Vapour pressure deficit and solar radiation are the major drivers of transpiration of balsam fir and black spruce tree species in humid boreal regions, even during a short-term drought

Abstract

On vegetation-covered land surfaces, tree transpiration, compared to soil and canopy evaporation, is a major process that sends large amounts of water back to the atmosphere. While the driving forces of tree transpiration have been studied over a range of tree species across an array of ecosystems, no work has been done on balsam fir and black spruce in the humid boreal forest of eastern Canada.We thus studied the relationships between environmental variables and sap flow velocity (as a proxy for transpiration) for these two boreal tree species located at two forest sites in Quebec, Canada over multiple growing seasons (2004 to 2013 for balsam fir and 2006 to 2009 for black spruce). Our results showed that daily sap flow had a strong non-linear relationship with vapour pressure deficit (VPD) for both species.
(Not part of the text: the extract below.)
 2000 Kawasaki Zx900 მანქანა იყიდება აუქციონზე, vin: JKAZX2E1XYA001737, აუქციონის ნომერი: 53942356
Sap flow was also strongly correlated to solar radiation (Rad) for both species although with slightly weaker relationships than for VPD. Other variables such as daily maximum temperature and precipitation explain a smaller portion of the variance in sap flow while soil water content (SWC) and wind speed had almost no effect. An analysis of the relationships between sap flow and VPD/Rad on an hourly basis over multiple years showed strong diel hysteresis for both species. Contrary to what has been previously proposed, the magnitude of this hysteresis does not seem to relate to the degree of iso/anisohydricity. Finally, our investigation of sap flow relationships to environmental variables during a drought period at the balsam fir site showed that sap flow was only slightly reduced despite a significant decrease in SWC. On the other hand, VPD and Rad remained the main drivers of sap flow. This study emphasizes that VPD and Rad are indeed the major drivers of transpiration during the growing season as well as during drought in humid boreal region.